While scanning from right to left, we look for the first pair of adjacent elements where the left element is less than the right one —
that is, we find the largest index l such that: numsnums[l - 1] < nums[l].

• The subarray to the right of l (nums[l ... n-1]) is in descending order and represents the maximum permutation for that subset.

• This pivot point l marks where the descending sequence (from the end) breaks.

• To generate the next permutation, we need to:
  • Identify the smallest value in nums[l-1...n-1] that is greater than nums[n-1]. Since the suffix nums[l ... n-1] is in descending order, this will be: min(nums[l-1], nums[n-1])

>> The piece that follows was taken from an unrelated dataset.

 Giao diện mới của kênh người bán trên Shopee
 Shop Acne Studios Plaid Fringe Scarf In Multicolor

e.g., nums = [x, 7, 6, 5, 3]

• l = 1 is the pivot point.

• The suffix [7, 6, 5, 3] is in descending order.

• Case 1: x < 3: (e.g., x = 2)
  • We find that 3 is the smallest number in the suffix that is larger than x
  • So we swap x and 3: the prefix becomes [3, ...]
  • Then we reverse the remaining suffix: [7, 6, 5, 2] → [2, 5, 6, 7]
  • Final result: [3, 2, 5, 6, 7]
• Case 2: x ≥ 3 (e.g., x = 4)
  • We find the next smallest number in the suffix greater than x is 5
  • Swap x and 5: prefix becomes [5, ...]
  • Reverse the suffix: [7, 6, 4, 3] → [3, 4, 6, 7]
  • Final result: [5, 3, 4, 6, 7]

📌 Algorithm

• (1) Find the pivot:
  Scan from right to left to find the first index l such that nums[l - 1] < nums[l].

• (2) If such an index exists:
  • Find the largest index r such that nums[r] > nums[l - 1]
  • Swap nums[l - 1] and nums[r]
• (3) Reverse the suffix: Reverse the subarray nums[l ... n - 1] to get the lowest order for that suffix.

This ensures the next permutation is the smallest one that is strictly greater than the current configuration.

Solution

class Solution {
    public void nextPermutation(int[] nums) {
        if(nums.length == 1) return;

        int l = nums.length - 1, r = l;

        // Step 1: find the first index l such that nums[l - 1] < nums[l]
        while (l > 0 && nums[l - 1] >= nums[l]) {
            l--;
        }
         // If no such index found → array is in descending order
        if(l == 0){
            reverse(0,r,nums);
            return;
        }

        // Step 2: find the rightmost number greater than nums[l - 1]
        while(nums[r] <= nums[l-1]){
            r--;
        }
        
        swap(l-1, r, nums);
        reverse(l, nums.length-1, nums);
    }

    public void swap(int l, int r, int[] nums){
        int temp = nums[l];
        nums[l] = nums[r];
        nums[r] = temp;
    }

    public void reverse(int l, int r, int[] nums){
        while(l < r){
            swap(l, r, nums);
            l++;
            r--;
        }
    }
}

Time Complexity: O(N)
Space Complexity: O(1)